Qui braconne ? les villageois des alentours des parcs touchent de l'argent pour préserver la faune et profitent du tourisme, il serait illogique qu'ils braconnent leur propre gagne-pain. Et pourtant cohabiter avec des animaux sauvages est
dangereux, cause d'accidents mortels. Or dans le désert, tuer les lions voleurs de bétail parait être légitime défense.
La peur, la faim.
Tout aussi paradoxal, les éleveurs doivent souvent quitter leurs terres « au nom de la préservation exclusive des bêtes sauvages, ceux-là même que l'Occident avait majoritairement exterminés.
Un nouveau colonialisme vert. »
Mais plus que tout, ce sont les trafiquants asiatiques, avec leur nouvelle route de la soie, et trouvant des acheteurs prêts à croire aux vertus aphrodisiaques des cornes de rhinos qui perpétuent le trafic finançant les conflits armés et les groupes terroristes ou financés par eux. le chapeau étant porté par un malfaiteur afrikaner, appelé « le Scorpion ».

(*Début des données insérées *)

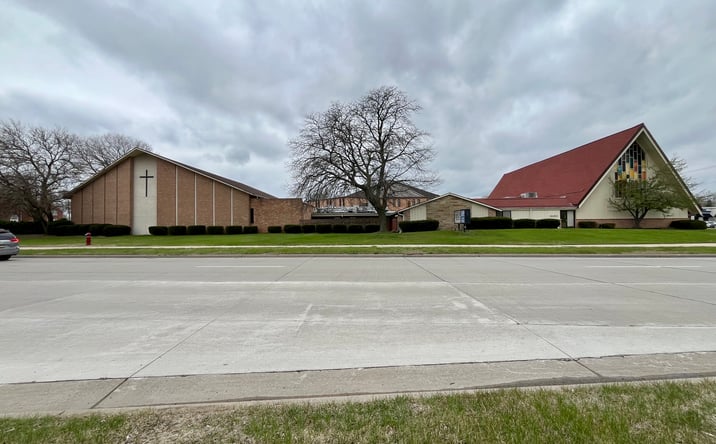 Pictures of Special Purpose property located at 3193 Rochester Rd, Troy, MI 48083 for lease - image #1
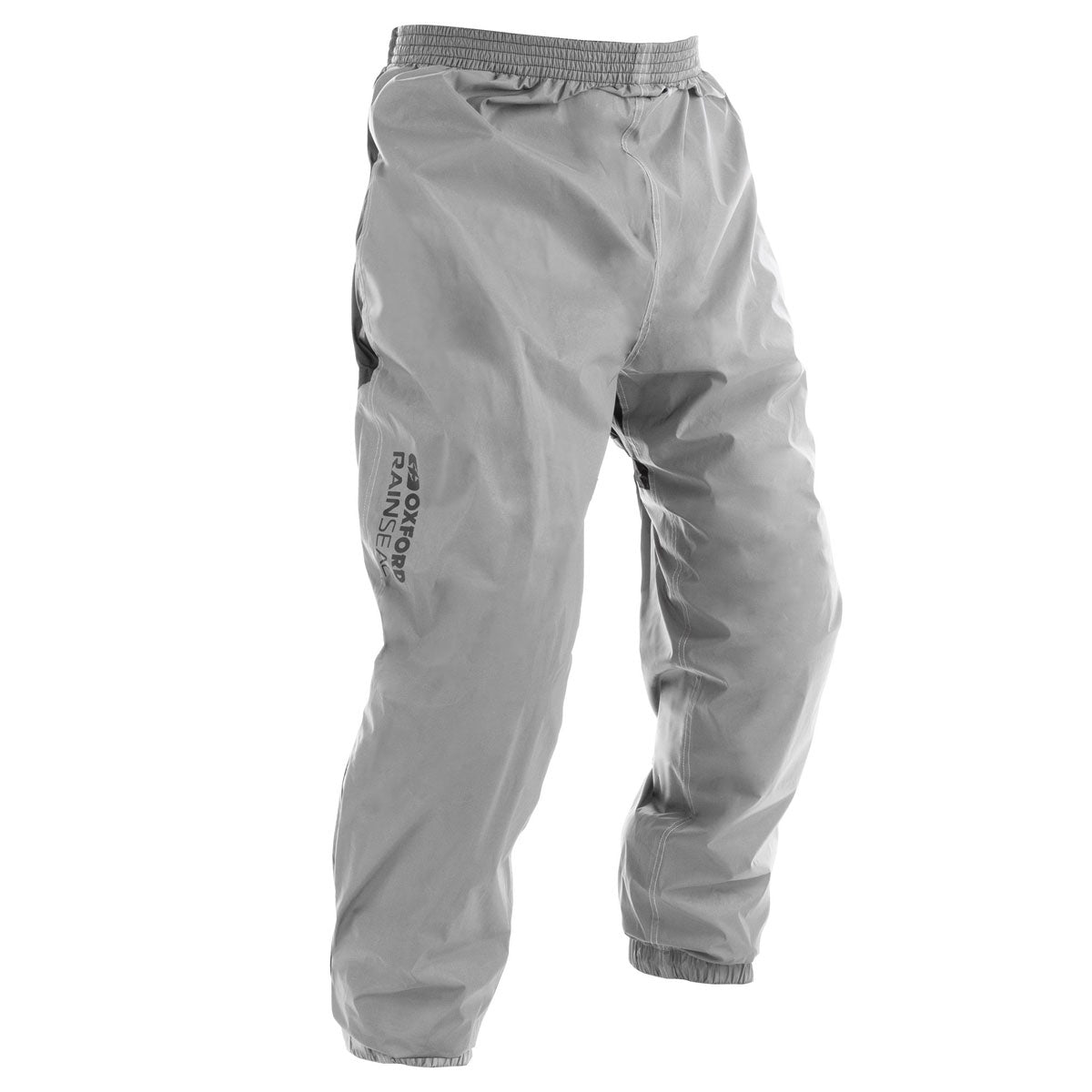 Oxford Rainseal Bright Over Trouser Grey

Okavango, c'est une rivière, entre l'Angola, la Namibie et le Botswana. C'est surtout un des plus beaux livres sur l'Afrique, dont on sent l'engagement de l'auteur, dont on ressent les dangers et les difficultés, dont on lit la beauté sauvage. Caryl Ferey, par sa manière de camper ses personnages avec leurs contradictions, par sa dénonciation du braconnage et son analyse des raisons diverses qui le rendent possible, par ses interventions explicatives quant au passé récent de la zone a écrit un chef d'oeuvre.
Coup de coeur. et merci à Pascale @CalouRmn, qui m'a prévenue de la sortie du livre.